Alfred Tissières on Jim Watson at Harvard
  Alfred Tissières     Biography    
Recorded: 04 Jun 2001

Of course it was difficult for Jim. Jim started lecturing, and some of the people at Harvard were very critical of him already because good manners were of importance to these people. I think some of the young people who went to the lectures were quickly on the side of Jim. And then of course—I think I’ve mentioned this before—Jim was talking to the chemists of Harvard and the chemists of Harvard were a very well known people in the world and they had an enormous amount of power because chemists make money. It goes together. So the chemists—there were some bad chemists, but there was a group of very strong chemists who were taken seriously. Those were—Jim was always talking to them—one of them was Paul Doty, but there were others, I can't remember their names. Those people were backing Jim very strongly and they didn't want to lose him. At one time they were, you see Jim was talking to me in a rather crude fashion, but I think that there were some times when the people in the faculty of Biology were wondering if they shouldn’t find a way to get rid of Jim. Jim was fuming as you can imagine.

In the very beginning, I'm not sure if he was successful but fairly soon he became very good at encouraging bright students to do the right experiments and helped them in choosing the right experiments, so he did that. On the whole I think he was one of the best supervisors of research I came across. In the sense if he saw someone bright he would really try to encourage them. He was very fair in this and he would never appropriate to himself something which was done by someone else. He was tremendous. Sometimes papers would come out with the names of students or and sometimes students published their own names, I don't remember exactly those things.

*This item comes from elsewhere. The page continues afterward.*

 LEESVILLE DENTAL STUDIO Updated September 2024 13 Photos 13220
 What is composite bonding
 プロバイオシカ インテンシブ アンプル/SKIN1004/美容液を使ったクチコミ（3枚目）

He was asking his students to do experiments that he thought he, himself might not do as well as some of his students, something like that. But in the very beginning and the number of students he had was low and he didn't have absolutely outstanding. One or two or three were good; he had four maximum. In the course of years he got a group of students which were absolutely fantastic. The best that you can have at a class at Harvard, which is very extraordinary.

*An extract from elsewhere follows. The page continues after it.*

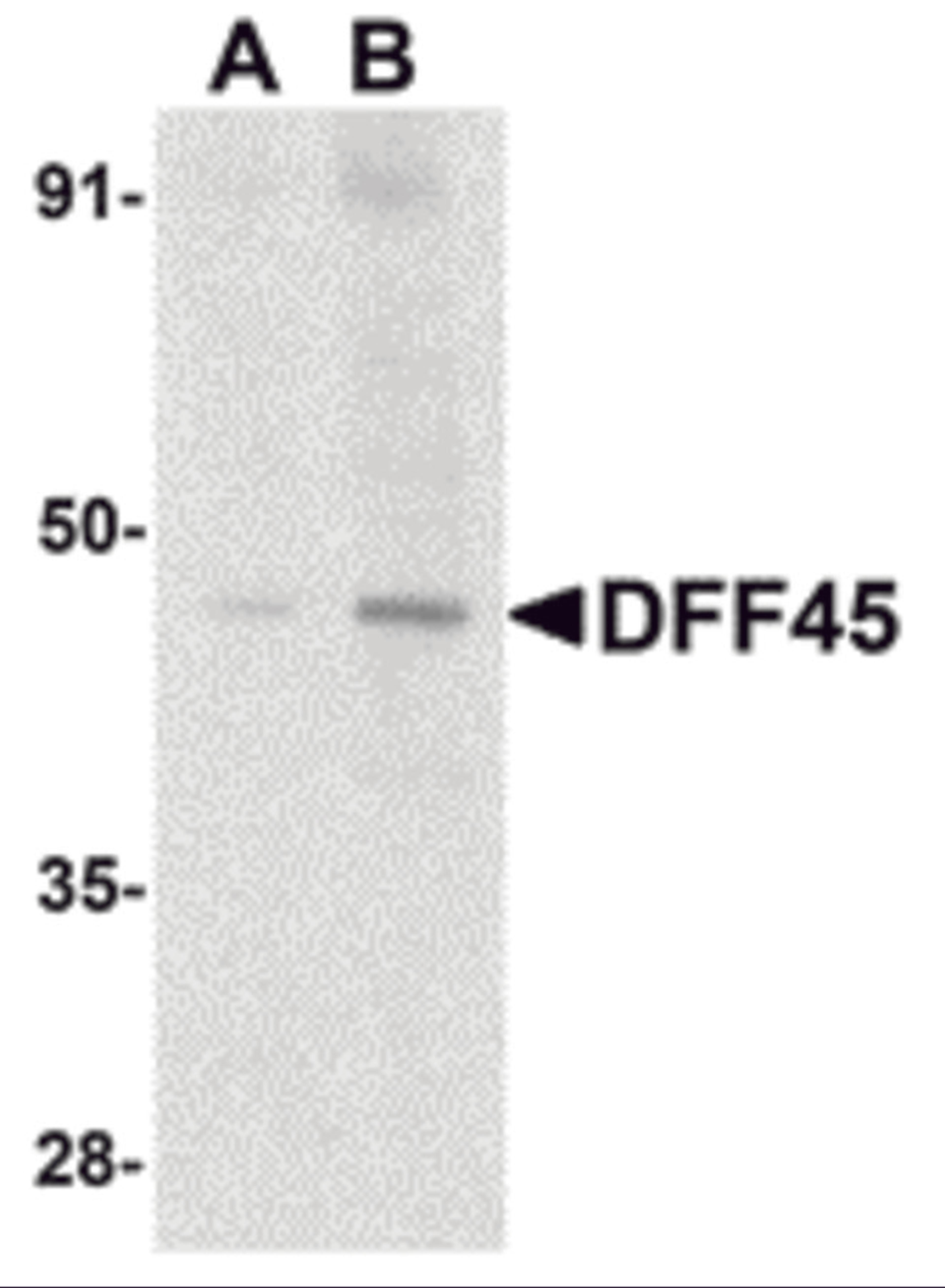 Western blot analysis of DFF45 in HeLa cell lysate with DFF45 antibody at (A) 1 and (B) 2 μg/mL.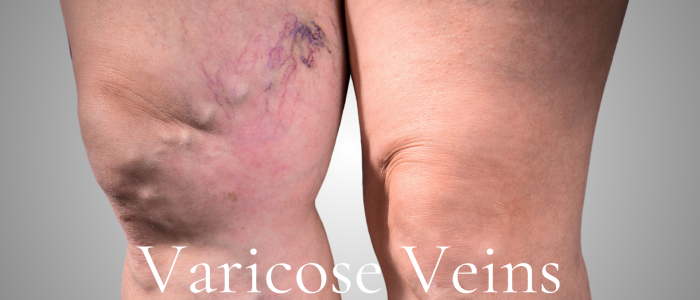 Varicose Veins WP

Alfred Tissières was a biologist, biochemist and geneticist. He received his Ph.D. from Cambridge for his work at the Molteno Institute and subsequently did postdoctoral work on respiratory enzymes at Caltech under Max Delbruck.

Soon after returning to Cambridge, Watson suggested he come to Harvard to work on microsomal particles in E. coli.

At Harvard, Tissières and Jim discovered that ribosomes were made of two unequal pieces, each containing protein and RNA. Tissieres began a professorship at the University of Geneva where his laboratory has become prominent in the field of ribosome research.

Alfred first attended a symposium at Cold Spring Harbor in 1961 and when Jim Watson became director, Tissières would regularly visit with his family during the summer.